» **WHAT YOU ARE ASKED TO DO**
Would you please repeat exactly the lines from the one containing "Comme des Garcons COMME" to the end of the records, both included, and leave out the rest?

(Stored items)
----
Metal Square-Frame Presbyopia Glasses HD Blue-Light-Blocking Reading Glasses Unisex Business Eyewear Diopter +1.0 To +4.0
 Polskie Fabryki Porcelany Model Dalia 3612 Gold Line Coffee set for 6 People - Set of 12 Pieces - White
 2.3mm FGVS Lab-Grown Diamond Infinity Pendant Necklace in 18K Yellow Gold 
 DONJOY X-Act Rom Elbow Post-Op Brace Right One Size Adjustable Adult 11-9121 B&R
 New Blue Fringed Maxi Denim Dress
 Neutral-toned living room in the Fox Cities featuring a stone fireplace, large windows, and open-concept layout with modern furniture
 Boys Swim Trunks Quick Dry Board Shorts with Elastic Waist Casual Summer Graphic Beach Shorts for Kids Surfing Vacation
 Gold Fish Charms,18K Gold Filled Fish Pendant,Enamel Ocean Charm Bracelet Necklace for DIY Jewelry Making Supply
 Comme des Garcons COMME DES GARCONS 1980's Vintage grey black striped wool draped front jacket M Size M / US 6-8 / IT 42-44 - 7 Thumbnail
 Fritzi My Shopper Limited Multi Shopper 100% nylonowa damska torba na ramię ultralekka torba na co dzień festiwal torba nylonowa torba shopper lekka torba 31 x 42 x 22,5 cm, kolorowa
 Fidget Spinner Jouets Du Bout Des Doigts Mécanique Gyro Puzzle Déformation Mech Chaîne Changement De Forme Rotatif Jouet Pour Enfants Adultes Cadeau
----
» **SOLUTION FOR THIS EXERCISE**
 Comme des Garcons COMME DES GARCONS 1980's Vintage grey black striped wool draped front jacket M Size M / US 6-8 / IT 42-44 - 7 Thumbnail
 Fritzi My Shopper Limited Multi Shopper 100% nylonowa damska torba na ramię ultralekka torba na co dzień festiwal torba nylonowa torba shopper lekka torba 31 x 42 x 22,5 cm, kolorowa
 Fidget Spinner Jouets Du Bout Des Doigts Mécanique Gyro Puzzle Déformation Mech Chaîne Changement De Forme Rotatif Jouet Pour Enfants Adultes Cadeau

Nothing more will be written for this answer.